La puesta en escena era muy apreciada por las multitudes que asistían a los juicios por jurado. El juzgado distribuía un número limitado de boletos gratuitos, los cuales, para los casos famosos, se vendían afuera del Palacio de Justicia. La presencia física de los espectadores en la sala era perceptible; a medida que la temperatura se elevaba, los olores a sudor, alimentos, humo de cigarro y flashes podía ser sofocante. La gente chiflaba, abucheaba, lloraba, aplaudía y, en algunos casos, según Sodi, coreaba: “‘¡Absolución!’ Como las ‘porras’ de un partido de futbol.”69 Al menos en uno de los casos, examinado a continuación, los miembros del público atacaron físicamente a los sospechosos. Los que no podían entrar a la sala tenían que ser retenidos afuera por soldados, pero estos espectadores potenciales aún podían expresar su opinión desde la calle. A los abogados y los periodistas les gustaba comparar estas multitudes con los públicos que se encontraban en los teatros, en los cines baratos, los mercados callejeros o los cabarets.

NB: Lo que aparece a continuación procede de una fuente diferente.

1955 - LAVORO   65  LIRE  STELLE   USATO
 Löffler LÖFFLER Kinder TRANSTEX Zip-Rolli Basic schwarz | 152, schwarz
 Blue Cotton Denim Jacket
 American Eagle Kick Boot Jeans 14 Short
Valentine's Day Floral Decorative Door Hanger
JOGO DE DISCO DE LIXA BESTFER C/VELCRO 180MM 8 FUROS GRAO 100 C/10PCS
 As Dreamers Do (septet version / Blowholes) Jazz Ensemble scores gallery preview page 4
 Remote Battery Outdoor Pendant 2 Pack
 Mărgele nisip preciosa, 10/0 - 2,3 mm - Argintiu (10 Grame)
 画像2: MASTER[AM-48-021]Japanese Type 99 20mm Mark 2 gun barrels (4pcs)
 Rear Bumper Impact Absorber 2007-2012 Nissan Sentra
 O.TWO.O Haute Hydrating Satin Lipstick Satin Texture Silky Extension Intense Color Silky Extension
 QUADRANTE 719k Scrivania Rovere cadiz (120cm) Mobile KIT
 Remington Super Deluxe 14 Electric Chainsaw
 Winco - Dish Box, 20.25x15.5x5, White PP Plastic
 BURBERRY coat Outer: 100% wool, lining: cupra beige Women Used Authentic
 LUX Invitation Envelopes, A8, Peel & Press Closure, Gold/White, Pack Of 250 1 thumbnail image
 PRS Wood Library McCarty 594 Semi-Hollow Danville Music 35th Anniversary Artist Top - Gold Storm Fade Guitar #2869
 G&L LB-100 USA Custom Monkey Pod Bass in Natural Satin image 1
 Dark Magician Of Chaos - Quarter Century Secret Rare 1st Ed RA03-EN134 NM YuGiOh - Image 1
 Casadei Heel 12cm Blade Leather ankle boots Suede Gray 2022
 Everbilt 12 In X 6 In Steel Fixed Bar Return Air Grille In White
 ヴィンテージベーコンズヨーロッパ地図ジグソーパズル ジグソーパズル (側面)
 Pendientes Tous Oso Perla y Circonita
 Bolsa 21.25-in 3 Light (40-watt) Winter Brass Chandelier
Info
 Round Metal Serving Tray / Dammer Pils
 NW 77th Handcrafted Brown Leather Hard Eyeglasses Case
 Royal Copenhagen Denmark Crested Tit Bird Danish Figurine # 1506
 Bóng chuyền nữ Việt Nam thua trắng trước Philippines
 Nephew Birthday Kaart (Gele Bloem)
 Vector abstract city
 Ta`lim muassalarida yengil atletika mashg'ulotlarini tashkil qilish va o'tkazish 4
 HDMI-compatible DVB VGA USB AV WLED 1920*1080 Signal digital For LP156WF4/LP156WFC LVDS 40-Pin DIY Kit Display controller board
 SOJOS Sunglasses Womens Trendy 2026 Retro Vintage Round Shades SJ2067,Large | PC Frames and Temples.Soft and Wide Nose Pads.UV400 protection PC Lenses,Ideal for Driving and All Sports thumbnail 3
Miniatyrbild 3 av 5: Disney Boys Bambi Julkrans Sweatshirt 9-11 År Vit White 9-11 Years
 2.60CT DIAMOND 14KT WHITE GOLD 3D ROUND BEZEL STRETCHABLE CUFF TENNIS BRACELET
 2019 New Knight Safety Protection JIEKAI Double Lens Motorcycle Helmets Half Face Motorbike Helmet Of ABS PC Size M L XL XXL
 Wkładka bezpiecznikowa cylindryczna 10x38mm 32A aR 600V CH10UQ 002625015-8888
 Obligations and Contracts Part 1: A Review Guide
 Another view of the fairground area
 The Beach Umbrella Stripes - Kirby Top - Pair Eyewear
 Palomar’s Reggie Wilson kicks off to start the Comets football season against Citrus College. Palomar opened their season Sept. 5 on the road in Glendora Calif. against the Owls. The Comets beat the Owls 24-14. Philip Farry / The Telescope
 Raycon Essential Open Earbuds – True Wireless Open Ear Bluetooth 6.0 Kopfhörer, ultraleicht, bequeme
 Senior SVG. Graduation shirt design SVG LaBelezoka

En 1907, el escritor Federico Gamboa solía asistir por la mañana a los juicios por jurado para escuchar a los oradores más prometedores, antes de disfrutar de un almuerzo en el Country Club. La diversidad de públicos lo fascinaba. Gente de todos los ámbitos podía conseguir boletos y hacer sentir su presencia: desde mujeres de clase alta, burócratas de elevado rango, diplomáticos extranjeros y otra “gente decente” hasta “hampones” y todo tipo de chusma de los barrios que rodeaban la cárcel de Belem, donde estaban los juzgados de la Ciudad de México.70 Para la sensual y aburrida mujer de la caricatura de Cabral que se muestra en la figura 1, el jurado era una distracción necesaria cuando no había obras de teatro disponibles; estaba molesta porque su marido no había podido conseguirle boletos.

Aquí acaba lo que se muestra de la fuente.